▸ EXERCISE REQUIREMENTS
Starting at the top of the records, output every line through the one that contains "稲穂に止まる赤トンボ（山梨県　北杜市　白州町） 69864339", keeping each exactly as it appears.

Caption-style text data
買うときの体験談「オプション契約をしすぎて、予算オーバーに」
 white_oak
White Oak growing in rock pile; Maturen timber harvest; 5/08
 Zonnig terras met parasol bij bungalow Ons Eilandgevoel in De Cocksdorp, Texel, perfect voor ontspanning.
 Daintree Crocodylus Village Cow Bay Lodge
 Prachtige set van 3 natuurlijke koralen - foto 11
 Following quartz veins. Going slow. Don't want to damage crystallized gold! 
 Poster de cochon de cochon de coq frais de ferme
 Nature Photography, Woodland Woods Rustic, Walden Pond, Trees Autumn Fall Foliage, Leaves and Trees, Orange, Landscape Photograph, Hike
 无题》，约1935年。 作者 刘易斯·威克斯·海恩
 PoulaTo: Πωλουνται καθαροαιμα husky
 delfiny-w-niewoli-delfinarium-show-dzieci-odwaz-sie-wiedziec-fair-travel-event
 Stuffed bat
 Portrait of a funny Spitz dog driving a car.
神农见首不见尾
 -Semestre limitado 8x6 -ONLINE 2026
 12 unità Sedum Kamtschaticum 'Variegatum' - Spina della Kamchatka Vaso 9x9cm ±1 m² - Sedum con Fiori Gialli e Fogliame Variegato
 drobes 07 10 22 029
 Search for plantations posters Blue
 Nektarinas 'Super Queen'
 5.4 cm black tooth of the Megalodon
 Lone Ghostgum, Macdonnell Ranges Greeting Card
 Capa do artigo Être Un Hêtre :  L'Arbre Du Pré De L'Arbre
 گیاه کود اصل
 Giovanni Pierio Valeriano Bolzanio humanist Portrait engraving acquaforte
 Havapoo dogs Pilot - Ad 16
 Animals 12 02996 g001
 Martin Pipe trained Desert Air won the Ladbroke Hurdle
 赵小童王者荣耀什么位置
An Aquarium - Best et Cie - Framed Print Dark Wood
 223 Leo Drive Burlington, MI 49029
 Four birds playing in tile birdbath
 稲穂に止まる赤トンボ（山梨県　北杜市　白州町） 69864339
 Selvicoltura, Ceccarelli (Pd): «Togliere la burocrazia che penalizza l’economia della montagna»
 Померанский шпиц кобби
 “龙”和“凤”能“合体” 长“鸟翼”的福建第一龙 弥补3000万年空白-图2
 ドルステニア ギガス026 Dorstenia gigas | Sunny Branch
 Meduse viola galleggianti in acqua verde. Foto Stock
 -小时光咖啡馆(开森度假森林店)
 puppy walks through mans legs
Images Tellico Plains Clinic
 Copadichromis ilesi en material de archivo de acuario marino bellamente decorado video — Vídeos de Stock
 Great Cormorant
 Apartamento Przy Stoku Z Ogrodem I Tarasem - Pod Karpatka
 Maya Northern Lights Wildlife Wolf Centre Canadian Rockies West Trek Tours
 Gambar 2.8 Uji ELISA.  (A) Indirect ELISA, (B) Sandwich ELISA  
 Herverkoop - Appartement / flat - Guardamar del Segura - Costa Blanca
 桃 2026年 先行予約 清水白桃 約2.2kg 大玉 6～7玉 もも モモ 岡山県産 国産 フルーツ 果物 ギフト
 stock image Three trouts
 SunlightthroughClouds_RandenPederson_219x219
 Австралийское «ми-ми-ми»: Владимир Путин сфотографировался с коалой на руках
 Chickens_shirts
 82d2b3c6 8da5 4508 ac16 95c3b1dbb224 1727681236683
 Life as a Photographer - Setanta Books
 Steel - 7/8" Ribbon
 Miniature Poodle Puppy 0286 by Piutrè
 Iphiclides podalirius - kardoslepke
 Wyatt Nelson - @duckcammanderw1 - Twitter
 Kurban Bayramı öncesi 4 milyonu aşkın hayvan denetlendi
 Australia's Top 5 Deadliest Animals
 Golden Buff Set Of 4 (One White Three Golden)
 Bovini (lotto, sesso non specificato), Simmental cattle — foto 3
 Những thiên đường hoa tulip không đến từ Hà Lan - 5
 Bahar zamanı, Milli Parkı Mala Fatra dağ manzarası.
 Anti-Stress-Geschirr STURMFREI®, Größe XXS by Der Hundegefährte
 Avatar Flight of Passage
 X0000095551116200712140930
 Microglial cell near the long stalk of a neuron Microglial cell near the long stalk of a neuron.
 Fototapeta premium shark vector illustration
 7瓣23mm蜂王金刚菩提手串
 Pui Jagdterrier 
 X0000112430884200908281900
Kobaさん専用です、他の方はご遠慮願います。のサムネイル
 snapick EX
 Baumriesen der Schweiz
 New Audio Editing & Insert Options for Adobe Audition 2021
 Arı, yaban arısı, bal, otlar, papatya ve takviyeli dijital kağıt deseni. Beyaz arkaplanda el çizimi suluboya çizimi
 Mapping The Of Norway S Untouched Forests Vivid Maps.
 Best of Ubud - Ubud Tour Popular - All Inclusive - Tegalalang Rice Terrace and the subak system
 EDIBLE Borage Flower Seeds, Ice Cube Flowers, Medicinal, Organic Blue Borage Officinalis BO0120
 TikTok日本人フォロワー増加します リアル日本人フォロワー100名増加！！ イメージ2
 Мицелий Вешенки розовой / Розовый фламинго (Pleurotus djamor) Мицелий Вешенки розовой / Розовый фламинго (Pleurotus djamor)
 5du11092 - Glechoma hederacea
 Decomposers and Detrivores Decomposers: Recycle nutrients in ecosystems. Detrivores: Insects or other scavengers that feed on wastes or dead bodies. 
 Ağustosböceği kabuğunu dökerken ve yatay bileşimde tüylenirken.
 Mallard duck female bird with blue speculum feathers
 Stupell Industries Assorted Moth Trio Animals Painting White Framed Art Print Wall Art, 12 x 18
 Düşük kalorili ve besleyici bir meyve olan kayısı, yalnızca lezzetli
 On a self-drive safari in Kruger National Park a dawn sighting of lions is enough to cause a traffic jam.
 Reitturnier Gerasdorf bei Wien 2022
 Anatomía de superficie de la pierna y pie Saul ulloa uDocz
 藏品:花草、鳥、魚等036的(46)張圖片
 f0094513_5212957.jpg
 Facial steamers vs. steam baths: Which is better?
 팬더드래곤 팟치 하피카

▸ REPLY TO THE TASK
買うときの体験談「オプション契約をしすぎて、予算オーバーに」
 white_oak
White Oak growing in rock pile; Maturen timber harvest; 5/08
 Zonnig terras met parasol bij bungalow Ons Eilandgevoel in De Cocksdorp, Texel, perfect voor ontspanning.
 Daintree Crocodylus Village Cow Bay Lodge
 Prachtige set van 3 natuurlijke koralen - foto 11
 Following quartz veins. Going slow. Don't want to damage crystallized gold! 
 Poster de cochon de cochon de coq frais de ferme
 Nature Photography, Woodland Woods Rustic, Walden Pond, Trees Autumn Fall Foliage, Leaves and Trees, Orange, Landscape Photograph, Hike
 无题》，约1935年。 作者 刘易斯·威克斯·海恩
 PoulaTo: Πωλουνται καθαροαιμα husky
 delfiny-w-niewoli-delfinarium-show-dzieci-odwaz-sie-wiedziec-fair-travel-event
 Stuffed bat
 Portrait of a funny Spitz dog driving a car.
神农见首不见尾
 -Semestre limitado 8x6 -ONLINE 2026
 12 unità Sedum Kamtschaticum 'Variegatum' - Spina della Kamchatka Vaso 9x9cm ±1 m² - Sedum con Fiori Gialli e Fogliame Variegato
 drobes 07 10 22 029
 Search for plantations posters Blue
 Nektarinas 'Super Queen'
 5.4 cm black tooth of the Megalodon
 Lone Ghostgum, Macdonnell Ranges Greeting Card
 Capa do artigo Être Un Hêtre :  L'Arbre Du Pré De L'Arbre
 گیاه کود اصل
 Giovanni Pierio Valeriano Bolzanio humanist Portrait engraving acquaforte
 Havapoo dogs Pilot - Ad 16
 Animals 12 02996 g001
 Martin Pipe trained Desert Air won the Ladbroke Hurdle
 赵小童王者荣耀什么位置
An Aquarium - Best et Cie - Framed Print Dark Wood
 223 Leo Drive Burlington, MI 49029
 Four birds playing in tile birdbath
 稲穂に止まる赤トンボ（山梨県　北杜市　白州町） 69864339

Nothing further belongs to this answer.